Beginning October 2017, GCF has started to pilot REDD+ results-based payments, consistent with the Warsaw Framework for REDD+ and other REDD+ decisions under the United Nations Framework Convention on Climate Change (UNFCCC). Creating and sustaining an enabling environment for REDD+ can involve forest governance reform, land use rights clarification and reform, and removal or creation of subsidies. GCF efforts towards meeting the potential from forest activities will need to be context specific.

Financing instrument: Loans, Grants, Guarantees, Equity, Results-based Payments

Project scale: Micro projects < 10 million; small projects: 10-50 million; medium projects: 50-250 million; large projects: > 250 millions

Applicable geographical regions/country groups: Global

Eligibility Criteria: GCF does not implement projects directly itself, but through partnerships with Accredited Entities. Accredited Entities comprise the core of GCF’s funding proposal cycle. They are responsible for presenting funding applications to GCF, and then overseeing, supervising, managing and monitoring the overall GCF-approved projects and programmes.

Accredited Entities develop funding proposals, in close consultation with National Designated Agencies (NDA) or focal points, based on the differing climate finance needs of individual developing countries. Accredited Entities can also respond to Requests for Proposals issued by GCF to fill current gaps in climate financing. In issuing some Requests for Proposals, GCF may accept proposals from entities it has not yet accredited. However, non-accredited entities will have to team-up with Accredited Entities when formally submitting funding proposals to GCF. Entities that submit proposals through the Requests for Proposals can be prioritized when applying for accreditation. The list of GCF Accredited Entities is available at the GCF website.

GCF's set of financial policies consist of investment policies and financial risk management policies, and comprise the overall investment guiding principles from a financial point of view.
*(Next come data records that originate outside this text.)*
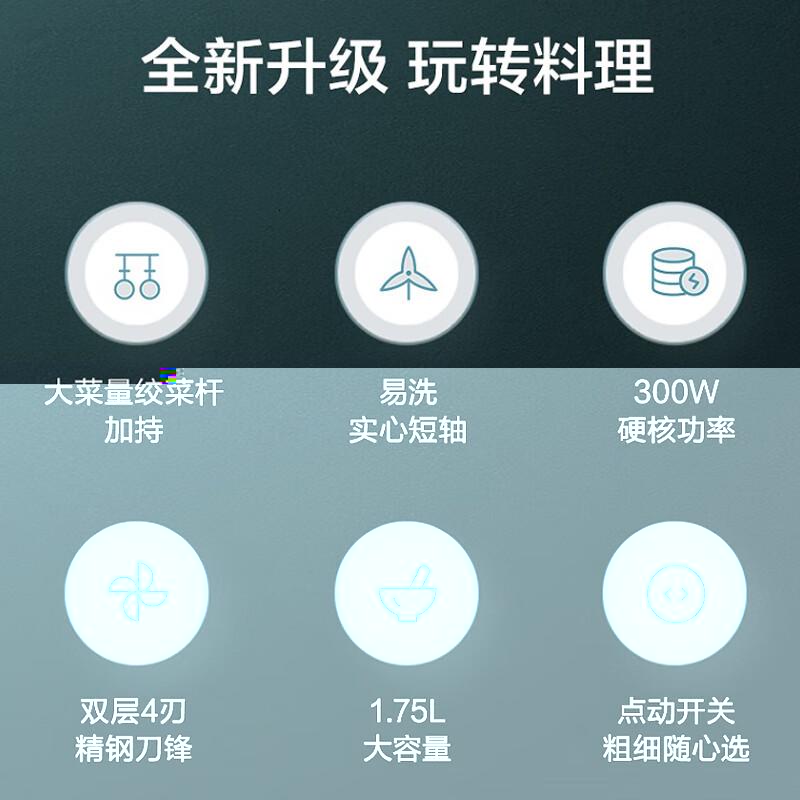 苏泊尔 (SUPOR)ZMD安心系列 升级搅菜杆 花样速搅 辅食 易洗实心短轴 双层四刃精钢刀锋 绞肉机JRD05...高清大图
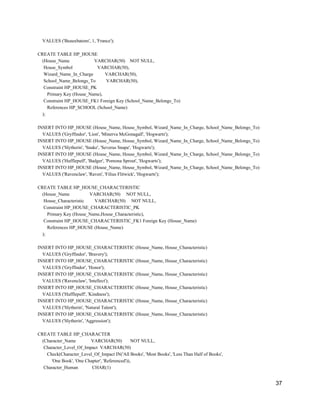 VALUES ('Beauxbatons', 1, 'France');
CREATE TABLE HP_HOUSE
(House_Name VARCHAR(50) NOT NULL,
House_Symbol VARCHAR(50),
Wizard_Name_In_Charge VARCHAR(50),
School_Name_Belongs_To VARCHAR(50),
Constraint HP_HOUSE_PK
Primary Key (House_Name),
Constraint HP_HOUSE_FK1 Foreign Key (School_Name_Belongs_To)
References HP_SCHOOL (School_Name)
);
INSERT INTO HP_HOUSE (House_Name, House_Symbol, Wizard_Name_In_Charge, School_Name_Belongs_To)
VALUES ('Gryffindor', 'Lion', 'Minerva McGonagall', 'Hogwarts');
INSERT INTO HP_HOUSE (House_Name, House_Symbol, Wizard_Name_In_Charge, School_Name_Belongs_To)
VALUES ('Slytherin', 'Snake', 'Severus Snape', 'Hogwarts');
INSERT INTO HP_HOUSE (House_Name, House_Symbol, Wizard_Name_In_Charge, School_Name_Belongs_To)
VALUES ('Hufflepuff', 'Badger', 'Pomona Sprout', 'Hogwarts');
INSERT INTO HP_HOUSE (House_Name, House_Symbol, Wizard_Name_In_Charge, School_Name_Belongs_To)
VALUES ('Ravenclaw', 'Raven', 'Filius Flitwick', 'Hogwarts');
CREATE TABLE HP_HOUSE_CHARACTERISTIC
(House_Name VARCHAR(50) NOT NULL,
House_Characteristic VARCHAR(50) NOT NULL,
Constraint HP_HOUSE_CHARACTERISTIC_PK
Primary Key (House_Name,House_Characteristic),
Constraint HP_HOUSE_CHARACTERISTIC_FK1 Foreign Key (House_Name)
References HP_HOUSE (House_Name)
);
INSERT INTO HP_HOUSE_CHARACTERISTIC (House_Name, House_Characteristic)
VALUES ('Gryffindor', 'Bravery');
INSERT INTO HP_HOUSE_CHARACTERISTIC (House_Name, House_Characteristic)
VALUES ('Gryffindor', 'Honor');
INSERT INTO HP_HOUSE_CHARACTERISTIC (House_Name, House_Characteristic)
VALUES ('Ravenclaw', 'Intellect');
INSERT INTO HP_HOUSE_CHARACTERISTIC (House_Name, House_Characteristic)
VALUES ('Hufflepuff', 'Kindness');
INSERT INTO HP_HOUSE_CHARACTERISTIC (House_Name, House_Characteristic)
VALUES ('Slytherin', 'Natural Talent');
INSERT INTO HP_HOUSE_CHARACTERISTIC (House_Name, House_Characteristic)
VALUES ('Slytherin', 'Aggression');
CREATE TABLE HP_CHARACTER
(Character_Name VARCHAR(50) NOT NULL,
Character_Level_Of_Impact VARCHAR(50)
Check(Character_Level_Of_Impact IN('All Books', 'Most Books', 'Less Than Half of Books',
'One Book', 'One Chapter', 'Referenced')),
Character_Human CHAR(1)
37
 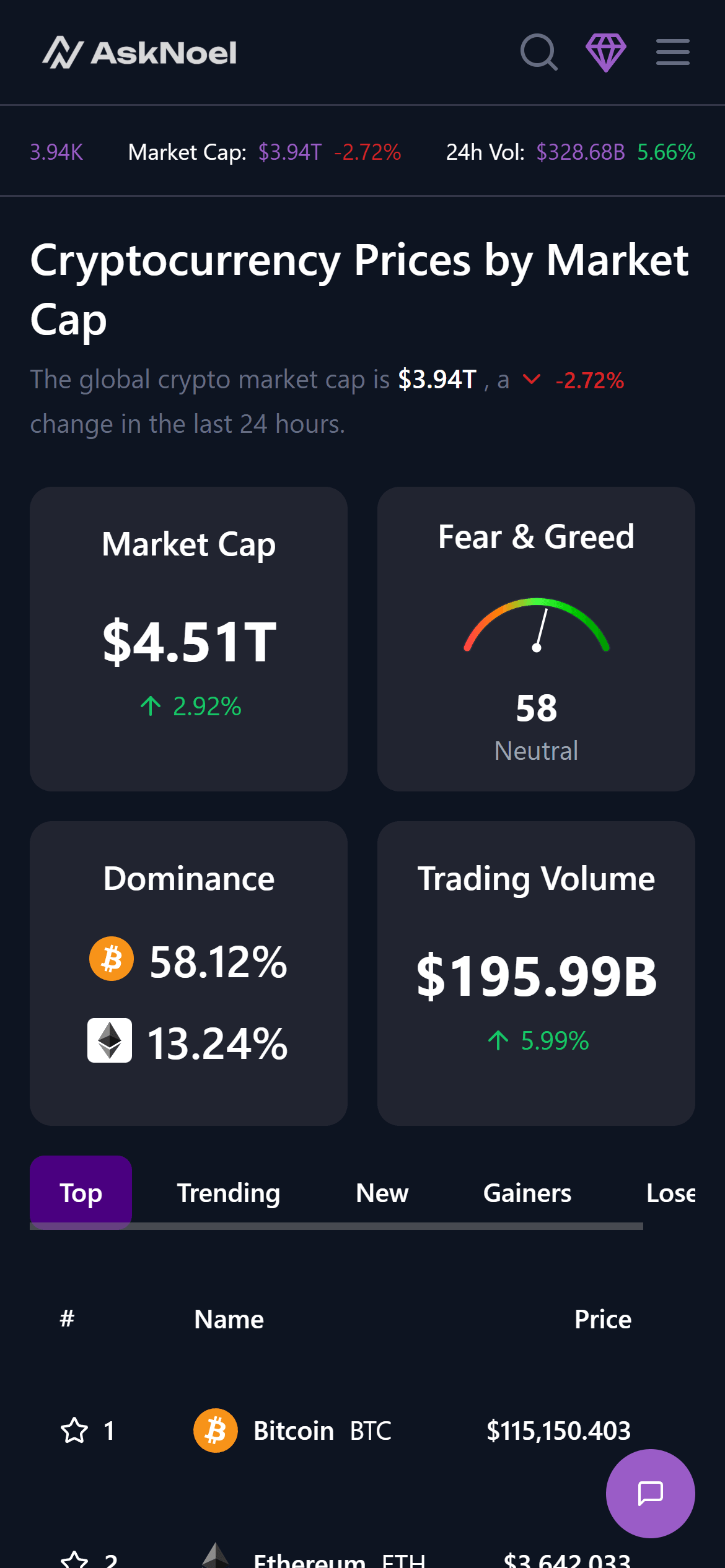 AskNoel - Mobile view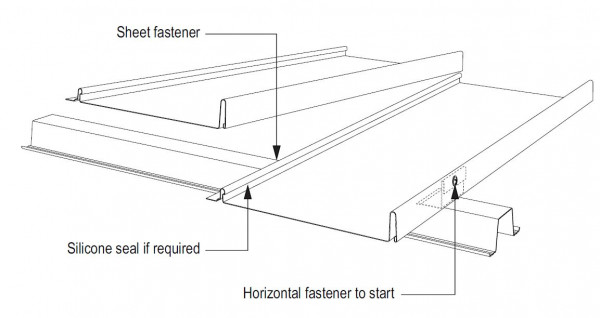 SharpLine® Architectural Cladding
- Paradigm shift- GCF will finance projects and programmes that demonstrate the maximum potential for a paradigm shift towards low-carbon and climate-resilient sustainable development, in accordance with its agreed results areas and consistent with a country-driven approach.

- Grant-equivalent accounting- Funding received and extended by GCF will be accounted for in grant-equivalent terms based on a standard methodology, to be developed by the Fund based on best international practices, to provide an accurate comparison of funding amounts between financial instruments.

- Minimum concessional funding- GCF will provide the minimum concessional funding necessary to make a project or programme viable. Concessional funding is understood as funding with below-market terms and conditions.

- Blending- Financing provided by GCF to intermediaries may be used by the latter to blend with their own financial resources in order to increase the level of concessionality of the financing they extend to projects and programmes.

- Crowding out- GCF will not “crowd out” potential financing from other public and private sources.

- Revenues- Only revenue-generating activities that are intrinsically sound from a financial point of view will be supported through loans by the Fund.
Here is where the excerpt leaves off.